Cotton growers are soon to gain access to a portion of up to 350 million Br credit made available by the Commercial Bank of Ethiopia (CBE) and the Construction and Business Bank (CBB) for the harvest season that starts in two weeks. The loan is similar to pre shipment export credit, where producers used to gain access to loans on the consideration that they would pay it back once transaction was completed, for which the Development Bank of Ethiopia (DBE) acts as a guarantor.
To guarantee the same profits as they would have gained through exports, the government had set a price ceiling of 42.78 Br for a kilogramme of cotton to last for three months, in November 2010. However, Cotton Growers were not happy with the price, claiming that the rise in international prices of cotton and revision of the cap were not commensurate.

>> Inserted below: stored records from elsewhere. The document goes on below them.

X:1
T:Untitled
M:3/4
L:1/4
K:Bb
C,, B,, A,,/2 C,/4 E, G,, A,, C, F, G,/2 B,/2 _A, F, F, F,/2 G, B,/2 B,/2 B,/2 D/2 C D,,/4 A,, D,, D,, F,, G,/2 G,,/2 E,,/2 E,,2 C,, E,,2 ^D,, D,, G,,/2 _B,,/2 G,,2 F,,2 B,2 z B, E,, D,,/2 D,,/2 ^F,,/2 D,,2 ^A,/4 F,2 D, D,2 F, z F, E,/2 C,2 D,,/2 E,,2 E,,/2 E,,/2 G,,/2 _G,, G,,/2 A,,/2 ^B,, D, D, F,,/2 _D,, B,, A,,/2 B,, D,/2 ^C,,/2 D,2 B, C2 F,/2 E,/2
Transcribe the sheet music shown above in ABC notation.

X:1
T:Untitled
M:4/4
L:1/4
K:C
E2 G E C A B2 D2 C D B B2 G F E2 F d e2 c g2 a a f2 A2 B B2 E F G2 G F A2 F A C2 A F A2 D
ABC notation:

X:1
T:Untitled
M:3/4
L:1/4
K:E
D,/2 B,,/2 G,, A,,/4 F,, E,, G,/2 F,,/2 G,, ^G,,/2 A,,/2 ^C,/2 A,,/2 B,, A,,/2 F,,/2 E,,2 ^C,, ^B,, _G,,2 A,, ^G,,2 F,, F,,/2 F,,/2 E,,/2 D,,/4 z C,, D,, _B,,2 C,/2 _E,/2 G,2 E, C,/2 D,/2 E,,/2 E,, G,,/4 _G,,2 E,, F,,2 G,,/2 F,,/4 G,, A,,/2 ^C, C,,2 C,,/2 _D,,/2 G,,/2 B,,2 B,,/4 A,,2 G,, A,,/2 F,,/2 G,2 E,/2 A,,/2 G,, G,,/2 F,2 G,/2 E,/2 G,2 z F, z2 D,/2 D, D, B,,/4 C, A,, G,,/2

The price cap was revised three months later to 57 Br for a kilogramme which the association felt was not close to the profit they would have made even if transportation costs were deducted from the 73 Br in the international market at the time.
Three weeks ago the price cap was lifted as the price for cotton in the international market took a sudden downward trajectory. The price of a kilogramme reached a record low of 4.9 dollars in March 2011, and kept falling to less than 3.6 dollars in June, reaching 2.5 dollars in August, according to Cotlook Index, which indicates global cotton prices.
The credit was allowed after a sequence of high level meetings between presidents of the Central Bank, CBE, CBB and the MoA. The amount that is made available for the cultivation of cotton in the next harvest season was estimated jointly by the MoA and ECGGEA.
This was good news for the association which has been looking for a solution from relevant authorities for the past year in terms of securing financing. The credit that is made available now is only for the harvesting, collecting and ginning of the cotton.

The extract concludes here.